Exercise » Reproduce this listing in full.

(Data for this task)

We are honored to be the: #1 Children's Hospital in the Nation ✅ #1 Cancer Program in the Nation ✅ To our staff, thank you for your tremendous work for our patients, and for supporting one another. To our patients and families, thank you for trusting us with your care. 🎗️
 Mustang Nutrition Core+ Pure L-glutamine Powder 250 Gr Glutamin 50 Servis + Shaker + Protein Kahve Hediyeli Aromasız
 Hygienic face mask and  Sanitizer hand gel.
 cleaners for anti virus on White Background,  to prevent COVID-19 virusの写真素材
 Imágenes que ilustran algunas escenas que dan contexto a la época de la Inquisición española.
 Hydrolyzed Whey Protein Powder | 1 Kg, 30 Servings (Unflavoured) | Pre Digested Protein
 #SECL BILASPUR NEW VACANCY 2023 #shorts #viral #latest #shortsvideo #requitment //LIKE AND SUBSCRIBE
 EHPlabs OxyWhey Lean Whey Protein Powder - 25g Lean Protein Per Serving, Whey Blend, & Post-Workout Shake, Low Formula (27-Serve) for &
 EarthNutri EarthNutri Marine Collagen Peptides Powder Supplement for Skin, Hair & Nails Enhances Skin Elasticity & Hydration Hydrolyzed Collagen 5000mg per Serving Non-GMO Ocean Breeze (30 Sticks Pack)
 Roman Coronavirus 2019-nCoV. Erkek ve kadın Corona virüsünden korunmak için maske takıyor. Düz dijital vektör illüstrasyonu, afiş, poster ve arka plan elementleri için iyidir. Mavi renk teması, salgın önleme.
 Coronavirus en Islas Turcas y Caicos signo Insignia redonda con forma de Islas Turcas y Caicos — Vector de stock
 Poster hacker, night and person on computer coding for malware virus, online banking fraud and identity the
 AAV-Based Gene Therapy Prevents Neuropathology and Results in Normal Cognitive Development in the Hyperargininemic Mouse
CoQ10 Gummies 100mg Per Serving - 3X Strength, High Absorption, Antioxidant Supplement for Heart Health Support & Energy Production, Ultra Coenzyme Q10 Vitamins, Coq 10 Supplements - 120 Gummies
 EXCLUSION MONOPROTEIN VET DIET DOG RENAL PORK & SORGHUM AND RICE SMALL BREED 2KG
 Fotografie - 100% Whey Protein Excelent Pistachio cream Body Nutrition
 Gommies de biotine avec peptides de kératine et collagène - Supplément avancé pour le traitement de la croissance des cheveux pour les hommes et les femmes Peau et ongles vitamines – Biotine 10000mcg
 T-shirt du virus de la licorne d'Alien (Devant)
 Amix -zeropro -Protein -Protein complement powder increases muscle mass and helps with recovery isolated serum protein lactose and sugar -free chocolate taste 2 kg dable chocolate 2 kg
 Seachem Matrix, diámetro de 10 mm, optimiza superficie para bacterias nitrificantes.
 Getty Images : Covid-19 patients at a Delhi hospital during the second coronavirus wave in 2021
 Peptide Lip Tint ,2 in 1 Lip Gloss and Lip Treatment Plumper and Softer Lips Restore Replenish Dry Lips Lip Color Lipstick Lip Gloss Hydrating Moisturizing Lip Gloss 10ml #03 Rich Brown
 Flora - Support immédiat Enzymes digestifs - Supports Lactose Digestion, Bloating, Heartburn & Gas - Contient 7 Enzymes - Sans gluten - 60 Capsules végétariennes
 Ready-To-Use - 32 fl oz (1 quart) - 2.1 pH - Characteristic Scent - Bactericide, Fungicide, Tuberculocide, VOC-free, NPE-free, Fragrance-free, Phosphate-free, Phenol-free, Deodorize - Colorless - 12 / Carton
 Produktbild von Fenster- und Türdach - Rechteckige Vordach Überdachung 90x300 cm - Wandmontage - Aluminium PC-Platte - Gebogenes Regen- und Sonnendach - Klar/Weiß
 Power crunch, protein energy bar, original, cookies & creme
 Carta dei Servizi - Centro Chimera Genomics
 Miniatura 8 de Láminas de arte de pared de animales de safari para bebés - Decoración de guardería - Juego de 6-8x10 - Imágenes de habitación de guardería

(End Data for this task)

Answer »
We are honored to be the: #1 Children's Hospital in the Nation ✅ #1 Cancer Program in the Nation ✅ To our staff, thank you for your tremendous work for our patients, and for supporting one another. To our patients and families, thank you for trusting us with your care. 🎗️
 Mustang Nutrition Core+ Pure L-glutamine Powder 250 Gr Glutamin 50 Servis + Shaker + Protein Kahve Hediyeli Aromasız
 Hygienic face mask and  Sanitizer hand gel.
 cleaners for anti virus on White Background,  to prevent COVID-19 virusの写真素材
 Imágenes que ilustran algunas escenas que dan contexto a la época de la Inquisición española.
 Hydrolyzed Whey Protein Powder | 1 Kg, 30 Servings (Unflavoured) | Pre Digested Protein
 #SECL BILASPUR NEW VACANCY 2023 #shorts #viral #latest #shortsvideo #requitment //LIKE AND SUBSCRIBE
 EHPlabs OxyWhey Lean Whey Protein Powder - 25g Lean Protein Per Serving, Whey Blend, & Post-Workout Shake, Low Formula (27-Serve) for &
 EarthNutri EarthNutri Marine Collagen Peptides Powder Supplement for Skin, Hair & Nails Enhances Skin Elasticity & Hydration Hydrolyzed Collagen 5000mg per Serving Non-GMO Ocean Breeze (30 Sticks Pack)
 Roman Coronavirus 2019-nCoV. Erkek ve kadın Corona virüsünden korunmak için maske takıyor. Düz dijital vektör illüstrasyonu, afiş, poster ve arka plan elementleri için iyidir. Mavi renk teması, salgın önleme.
 Coronavirus en Islas Turcas y Caicos signo Insignia redonda con forma de Islas Turcas y Caicos — Vector de stock
 Poster hacker, night and person on computer coding for malware virus, online banking fraud and identity the
 AAV-Based Gene Therapy Prevents Neuropathology and Results in Normal Cognitive Development in the Hyperargininemic Mouse
CoQ10 Gummies 100mg Per Serving - 3X Strength, High Absorption, Antioxidant Supplement for Heart Health Support & Energy Production, Ultra Coenzyme Q10 Vitamins, Coq 10 Supplements - 120 Gummies
 EXCLUSION MONOPROTEIN VET DIET DOG RENAL PORK & SORGHUM AND RICE SMALL BREED 2KG
 Fotografie - 100% Whey Protein Excelent Pistachio cream Body Nutrition
 Gommies de biotine avec peptides de kératine et collagène - Supplément avancé pour le traitement de la croissance des cheveux pour les hommes et les femmes Peau et ongles vitamines – Biotine 10000mcg
 T-shirt du virus de la licorne d'Alien (Devant)
 Amix -zeropro -Protein -Protein complement powder increases muscle mass and helps with recovery isolated serum protein lactose and sugar -free chocolate taste 2 kg dable chocolate 2 kg
 Seachem Matrix, diámetro de 10 mm, optimiza superficie para bacterias nitrificantes.
 Getty Images : Covid-19 patients at a Delhi hospital during the second coronavirus wave in 2021
 Peptide Lip Tint ,2 in 1 Lip Gloss and Lip Treatment Plumper and Softer Lips Restore Replenish Dry Lips Lip Color Lipstick Lip Gloss Hydrating Moisturizing Lip Gloss 10ml #03 Rich Brown
 Flora - Support immédiat Enzymes digestifs - Supports Lactose Digestion, Bloating, Heartburn & Gas - Contient 7 Enzymes - Sans gluten - 60 Capsules végétariennes
 Ready-To-Use - 32 fl oz (1 quart) - 2.1 pH - Characteristic Scent - Bactericide, Fungicide, Tuberculocide, VOC-free, NPE-free, Fragrance-free, Phosphate-free, Phenol-free, Deodorize - Colorless - 12 / Carton
 Produktbild von Fenster- und Türdach - Rechteckige Vordach Überdachung 90x300 cm - Wandmontage - Aluminium PC-Platte - Gebogenes Regen- und Sonnendach - Klar/Weiß
 Power crunch, protein energy bar, original, cookies & creme
 Carta dei Servizi - Centro Chimera Genomics
 Miniatura 8 de Láminas de arte de pared de animales de safari para bebés - Decoración de guardería - Juego de 6-8x10 - Imágenes de habitación de guardería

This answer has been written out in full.